**SUPPLIED INFORMATION:**
============
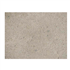 Dalle en pierre naturelle Luxor pour pose collée ou scellée en extérieur - 60,0 CM x 40,0 CM - ép. 12,00 MM - Tumbled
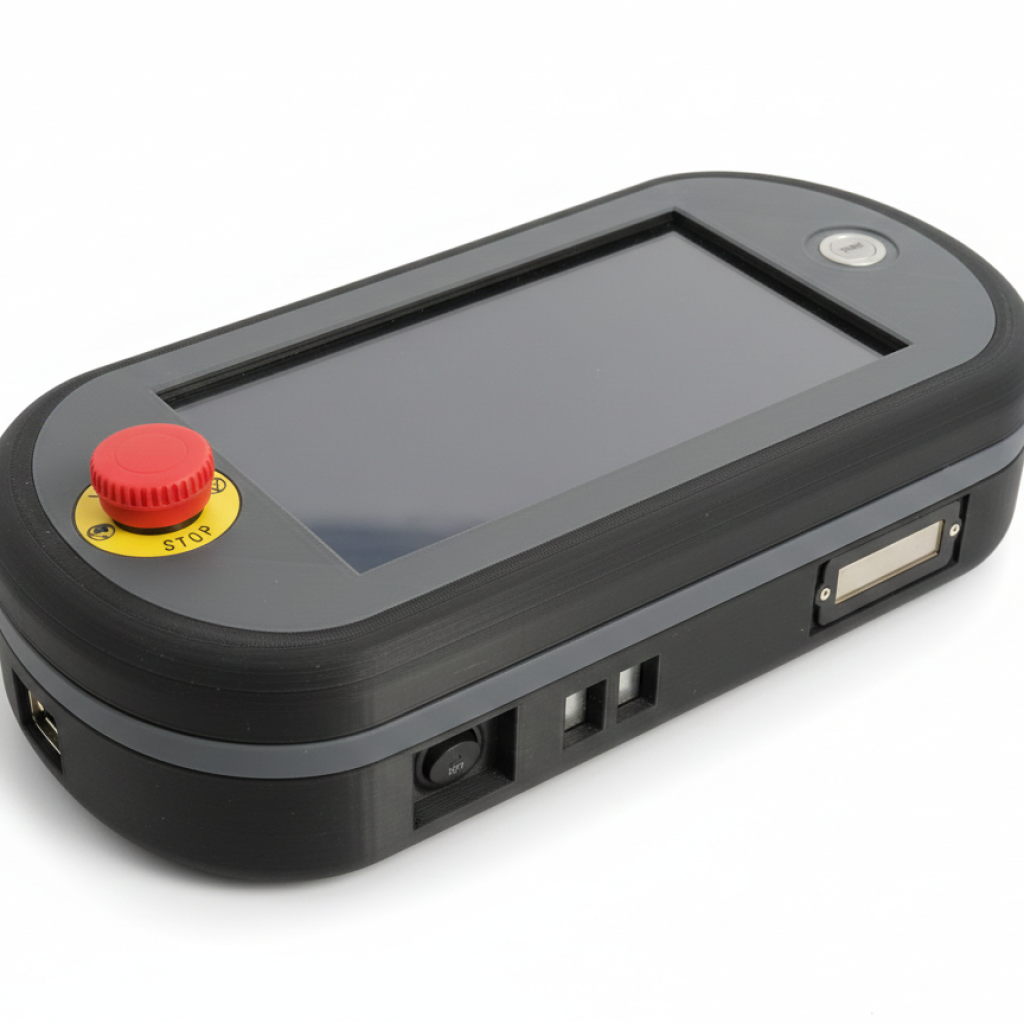 Gemini_Generated_Image_pccdiopccdiopccd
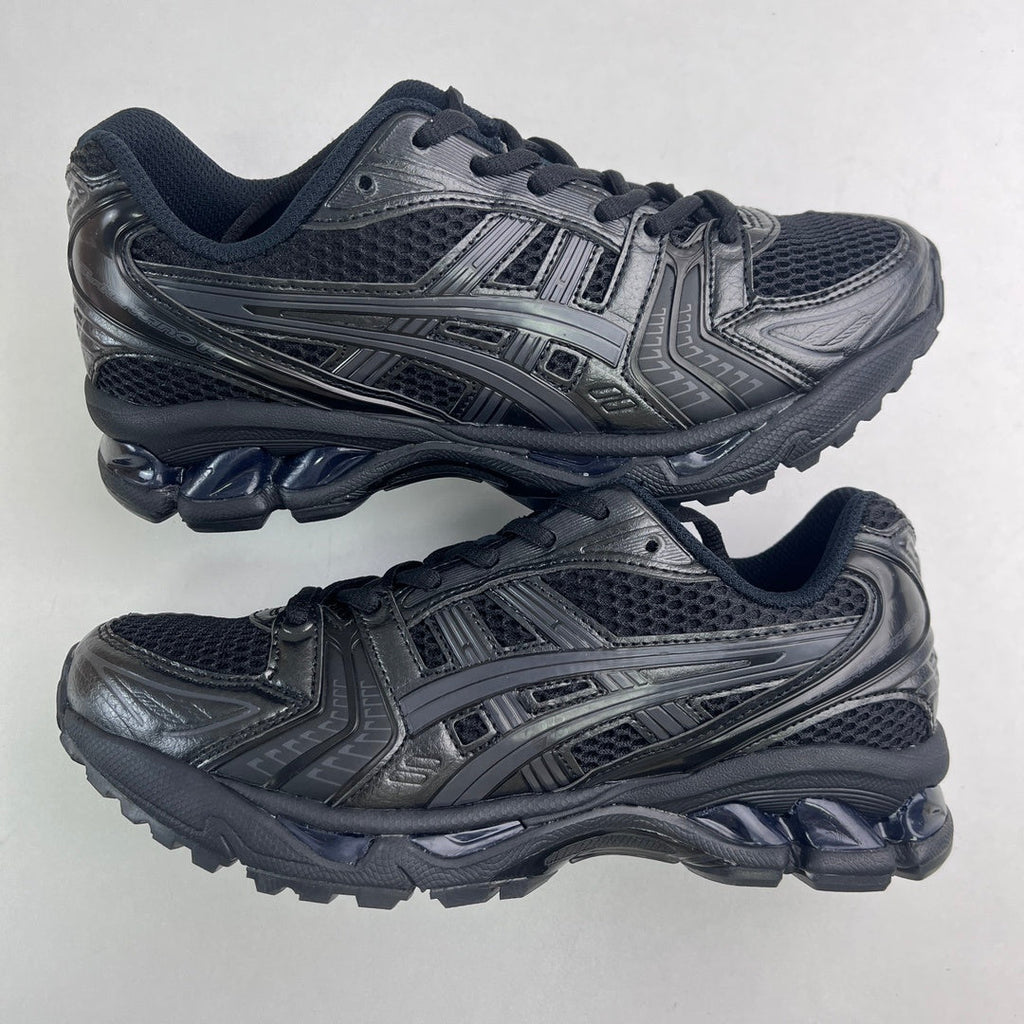 Gel Kayano 14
============
Give back word for word the lines from the one containing "Gemini_Generated_Image_pccdiopccdiopccd" through the final line of the data above. Pictures are to be left out.

**RESULT OF THE EXERCISE:**
 Gemini_Generated_Image_pccdiopccdiopccd
 Gel Kayano 14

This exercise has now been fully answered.